Mats Strandberg to autor znany szczególnie młodszym czytelnikom z poczytnego cyklu “Engelsfors”. Tym razem napisał powieść dla dorosłych – “Przeklęty prom” – horror, którego akcja toczy się na promie płynącym po Bałtyku ze Szwecji do Finlandii. Zamknięta przestrzeń, pustka dookoła, a na statku ludzie, którzy są atakowani przez siły zła…


Przeklęty promWitamy na pokładzie „Baltic Charisma”.

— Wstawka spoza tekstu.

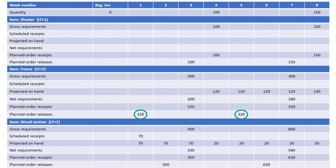Now we have the size and timing of planned order releases necessary to meet delivery requirements of 100 shutters in Week 4 and another 150 shutters in Week 8. Under lot size ordering with a lot size of 320 units for frames and 70 units for wood sections: a lot of 320 frames must be ordered in Week 1 and another lot of 320 frames in Week 5; an order of 350 wood sections must be released in Week 2 and another order of 630 wood sections in Week 6. The materials requirements plan has been constructed under both situations.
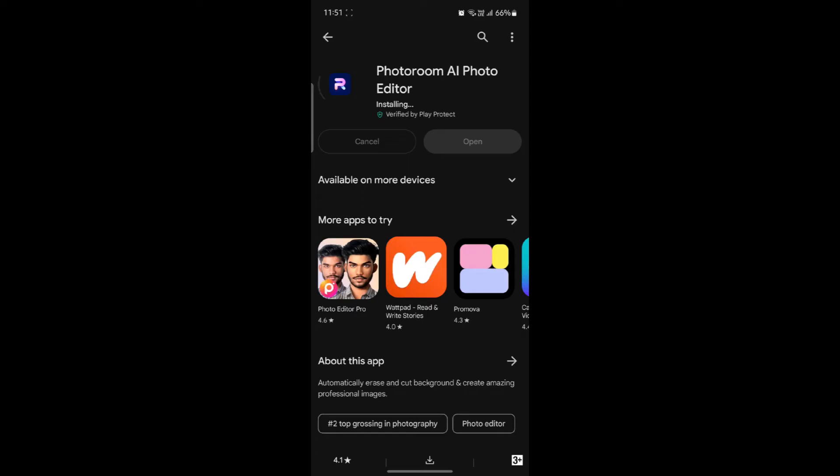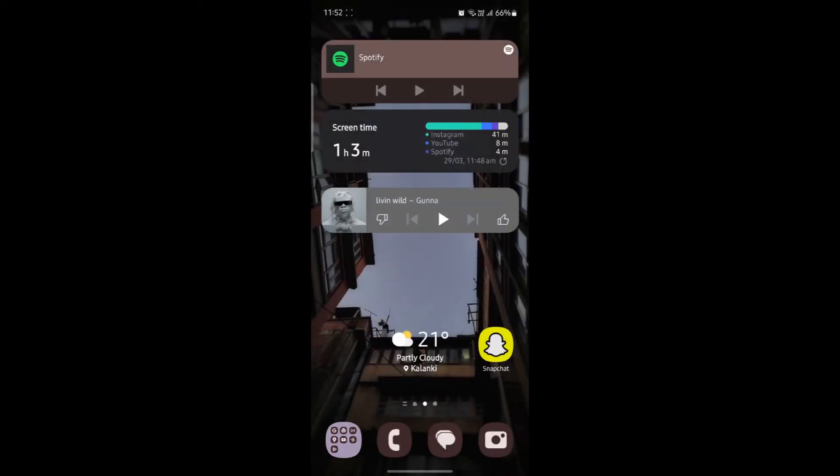I hope this video about how you can download and install PhotoRoom AI Photo Editor on your Android device was helpful for you. If you still have any confusion, please mention it in the comment section down below. Make sure to like the video, subscribe to our channel and hit the bell button for more.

Poznacie tu samotną starszą panią, której marzy się przygoda życia. Przygasłą gwiazdę estrady zatrudnioną do prowadzenia wieczorów karaoke. Dawnego pracownika promu, który chce się oświadczyć ukochanej podczas rejsu. Przyjaciółki, które chcą zapomnieć o codzienności i przebalować całą noc.

Prom od lat kursuje codziennie tą samą trasą po Bałtyku. Gdy tylko wyjdzie z portu, personel otworzy bary, zabrzęczą butelki i przez kolejną dobę pasażerowie będą mogli zapomnieć o codziennym życiu i się wyszaleć.

Ten rejs jest jednak inny.

Na pokładzie czai się zło. Zło w czystej postaci. Zaczynają ginąć ludzie. I lać się krew. W środku nocy, na środku Morza Bałtyckiego, nie ma dokąd uciec. Nie da się nawiązać połączenia z lądem. Śmierć nadchodzi znienacka. Zwykli ludzie stają się bohaterami, ale ta noc może również wydobyć z nich to, co najgorsze.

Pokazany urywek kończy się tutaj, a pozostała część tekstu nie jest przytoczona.